• _SUPPLIED INFORMATION_:
○ ○ ○ ○ ○ ○ ○

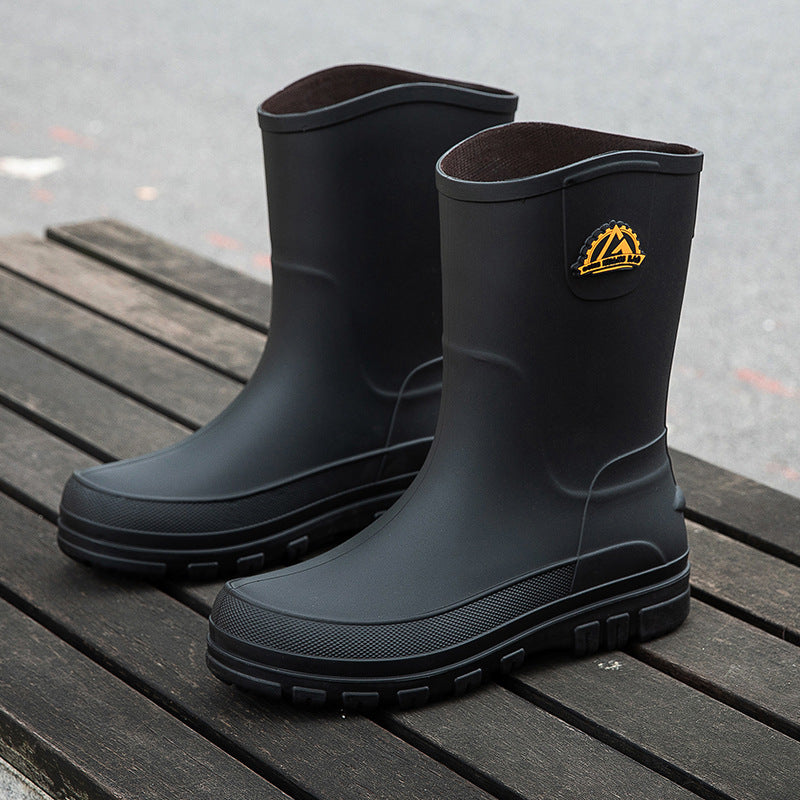 Men's Fashionable Outdoor Middle Tube Non-slip Rain Boots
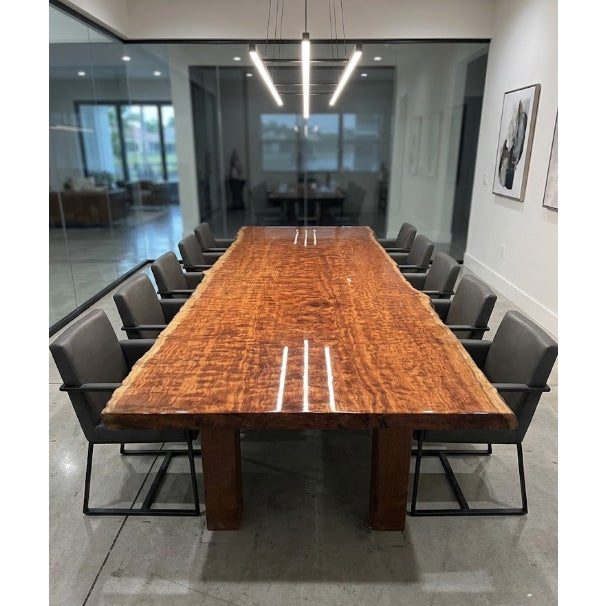 10ft African Waterfall Bubinga Statement Table - 2" Solid Slab - Freshly Polished For Sale - Image 4 of 4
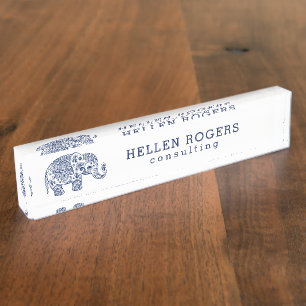 Navy Tribal Paisley Elephant Namensplakette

○ ○ ○ ○ ○ ○ ○

• _YOUR ASSIGNMENT_: Repeat the listing above word for word and leave its images out.

• _WRITTEN SOLUTION_:
 Men's Fashionable Outdoor Middle Tube Non-slip Rain Boots
 10ft African Waterfall Bubinga Statement Table - 2" Solid Slab - Freshly Polished For Sale - Image 4 of 4
 Navy Tribal Paisley Elephant Namensplakette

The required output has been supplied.